» SOURCE MATERIAL:
________________________

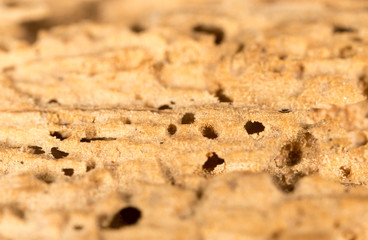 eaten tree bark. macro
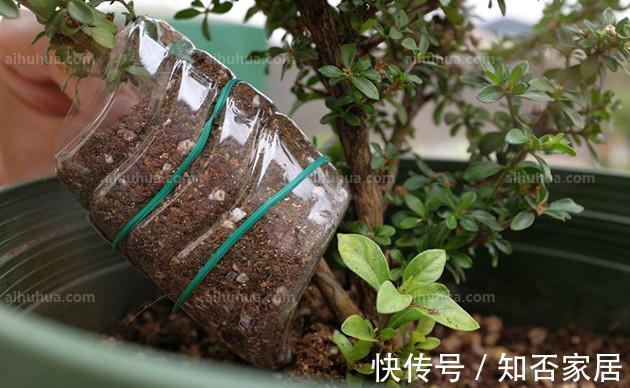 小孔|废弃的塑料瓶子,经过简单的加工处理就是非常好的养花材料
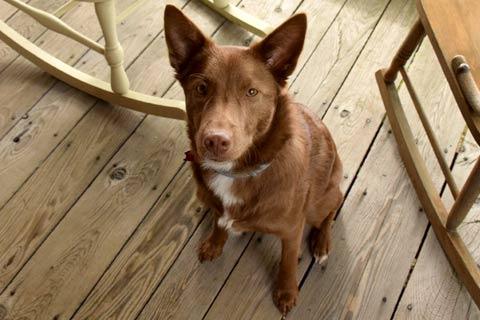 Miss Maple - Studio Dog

________________________

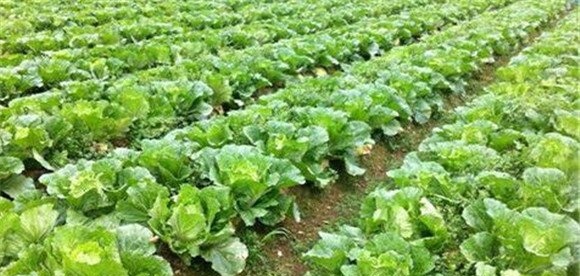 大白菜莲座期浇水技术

________________________

» ACTIVITY: Going by the data above, the answer is exactly the lines from the one holding "eaten tree bark. macro" to the one holding "Miss Maple - Studio Dog", both kept, with the pictures left out.

» EXERCISE ANSWER:
 eaten tree bark. macro
 小孔|废弃的塑料瓶子,经过简单的加工处理就是非常好的养花材料
 Miss Maple - Studio Dog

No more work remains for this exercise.